Task prompt:
Under this line are records; the part from the line containing "Brown Camellia Retro" through the line containing "Load image into" should be repeated exactly. Please exclude pictures.

Input:
((
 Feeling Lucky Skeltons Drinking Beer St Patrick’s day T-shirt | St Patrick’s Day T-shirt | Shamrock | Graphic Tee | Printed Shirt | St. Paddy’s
))
((
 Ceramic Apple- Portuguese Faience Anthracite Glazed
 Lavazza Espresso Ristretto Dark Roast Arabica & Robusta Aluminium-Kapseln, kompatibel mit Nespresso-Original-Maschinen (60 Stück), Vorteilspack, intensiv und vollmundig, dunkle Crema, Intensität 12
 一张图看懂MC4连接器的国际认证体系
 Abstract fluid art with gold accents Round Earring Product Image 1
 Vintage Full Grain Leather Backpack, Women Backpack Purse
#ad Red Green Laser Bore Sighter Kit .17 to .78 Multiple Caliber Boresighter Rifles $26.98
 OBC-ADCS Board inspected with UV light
))
((
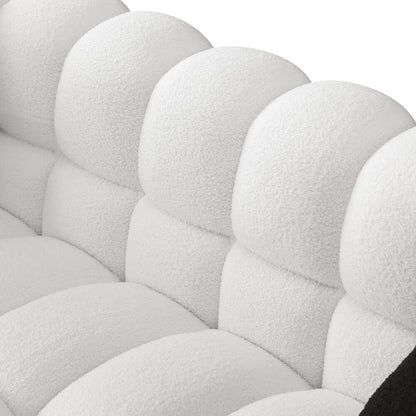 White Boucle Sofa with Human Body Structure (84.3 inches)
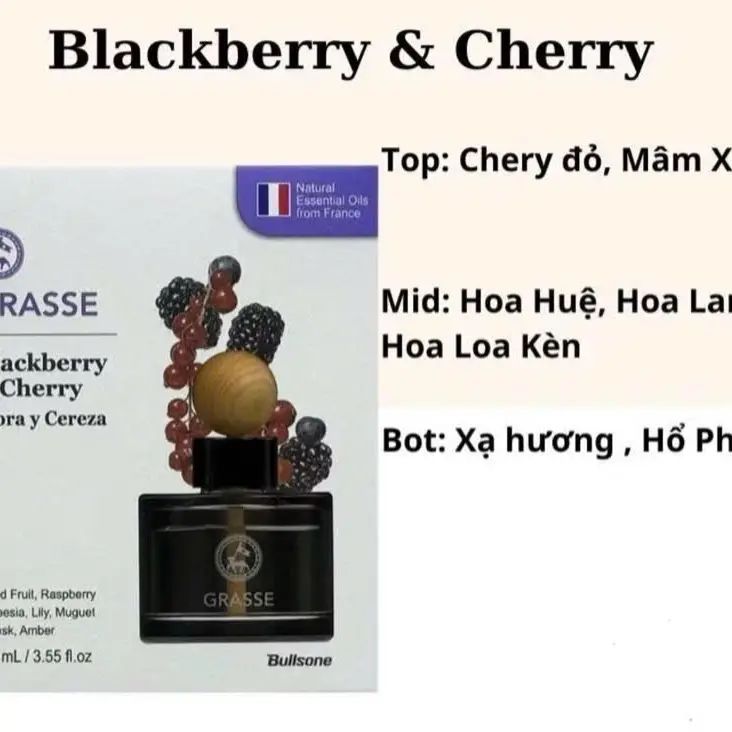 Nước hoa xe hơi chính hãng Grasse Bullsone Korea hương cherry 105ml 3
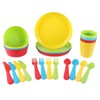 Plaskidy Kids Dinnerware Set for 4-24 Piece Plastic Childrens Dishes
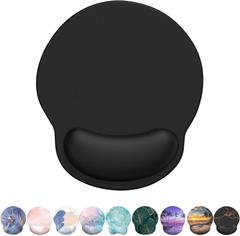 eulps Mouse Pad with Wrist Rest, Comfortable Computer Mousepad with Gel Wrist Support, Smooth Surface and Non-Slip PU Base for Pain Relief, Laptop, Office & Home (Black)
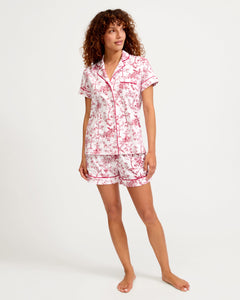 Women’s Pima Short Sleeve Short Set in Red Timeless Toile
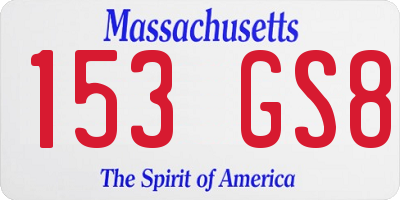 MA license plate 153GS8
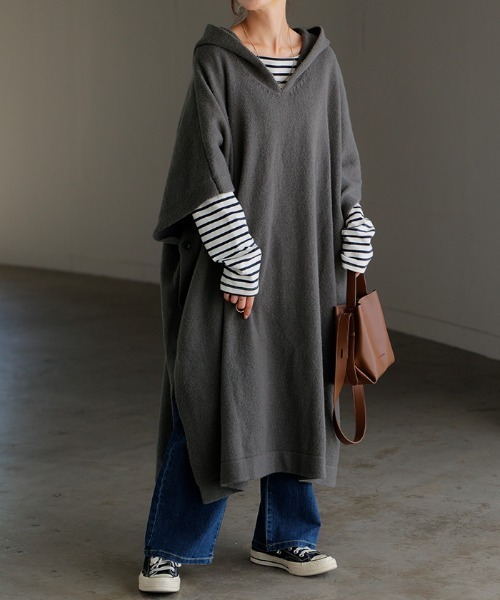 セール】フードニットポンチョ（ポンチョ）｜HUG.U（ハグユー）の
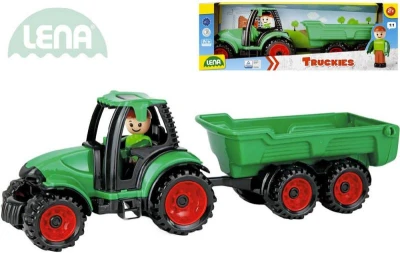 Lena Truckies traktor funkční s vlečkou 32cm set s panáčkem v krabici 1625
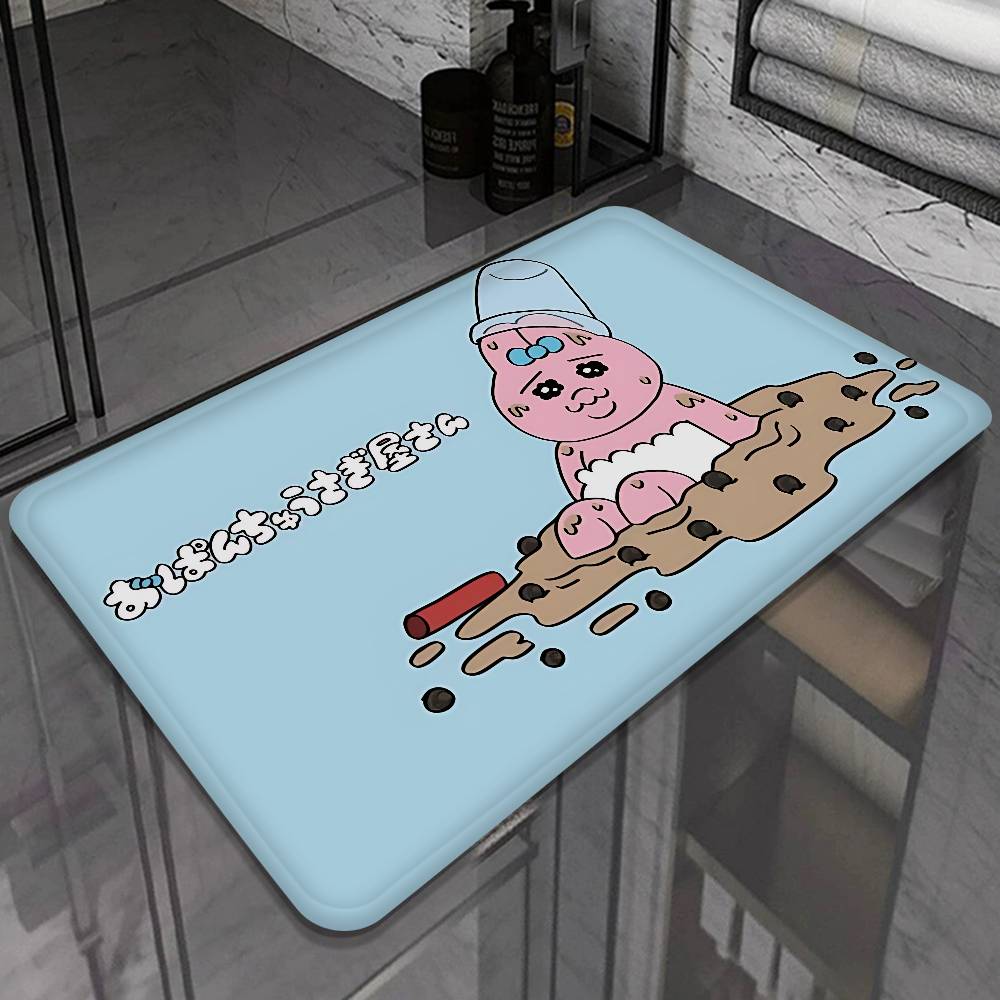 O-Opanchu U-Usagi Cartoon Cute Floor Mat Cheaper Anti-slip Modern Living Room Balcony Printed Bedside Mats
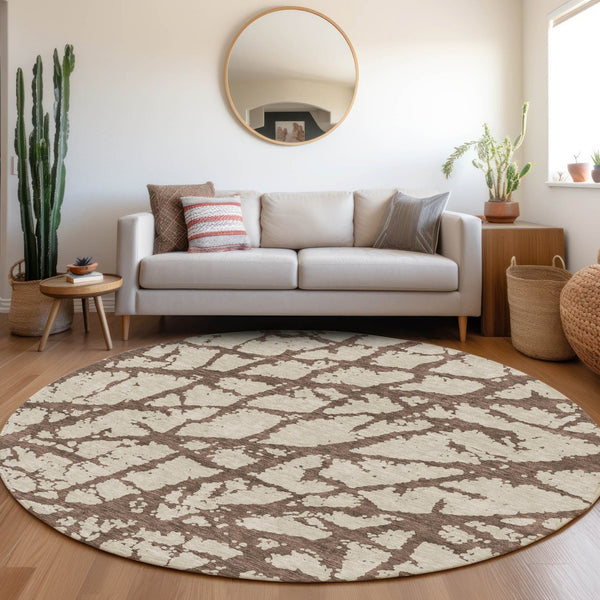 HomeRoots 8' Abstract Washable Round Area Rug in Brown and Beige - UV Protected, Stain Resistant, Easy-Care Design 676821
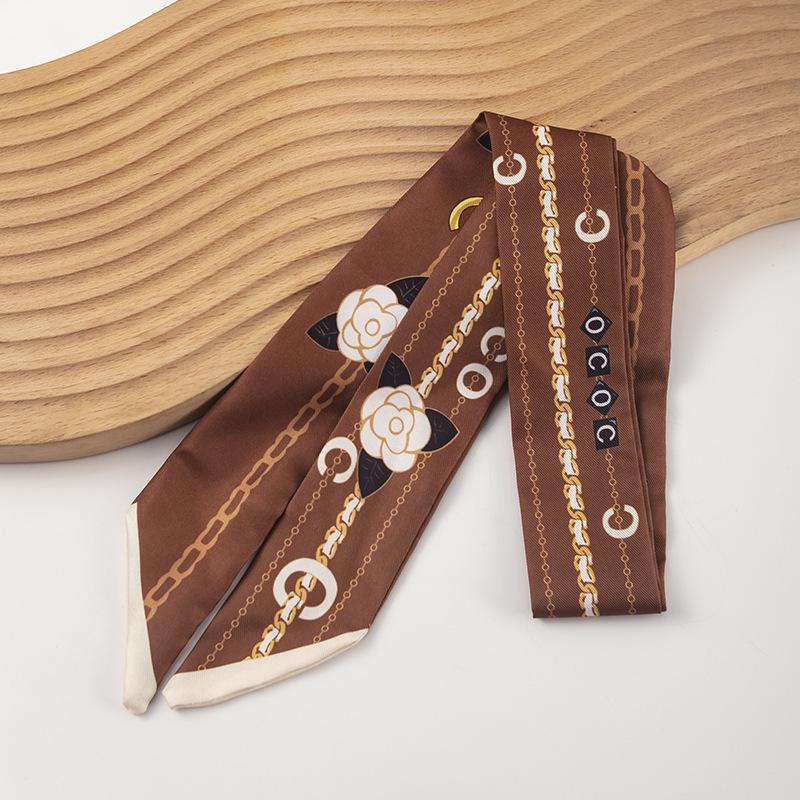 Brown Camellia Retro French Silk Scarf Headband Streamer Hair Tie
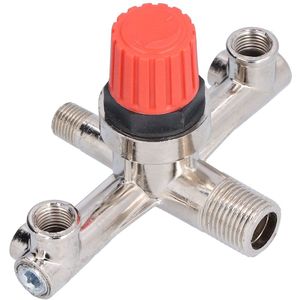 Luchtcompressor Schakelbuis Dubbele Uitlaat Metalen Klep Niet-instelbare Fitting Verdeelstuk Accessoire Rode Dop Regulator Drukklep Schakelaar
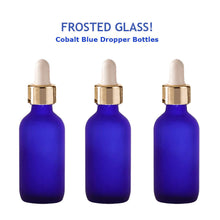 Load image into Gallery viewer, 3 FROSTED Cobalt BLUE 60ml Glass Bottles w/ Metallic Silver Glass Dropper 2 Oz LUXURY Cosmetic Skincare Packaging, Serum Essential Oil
))
Result for this task:
 Brown Camellia Retro French Silk Scarf Headband Streamer Hair Tie
 Luchtcompressor Schakelbuis Dubbele Uitlaat Metalen Klep Niet-instelbare Fitting Verdeelstuk Accessoire Rode Dop Regulator Drukklep Schakelaar
 Load image into Gallery viewer, 3 FROSTED Cobalt BLUE 60ml Glass Bottles w/ Metallic Silver Glass Dropper 2 Oz LUXURY Cosmetic Skincare Packaging, Serum Essential Oil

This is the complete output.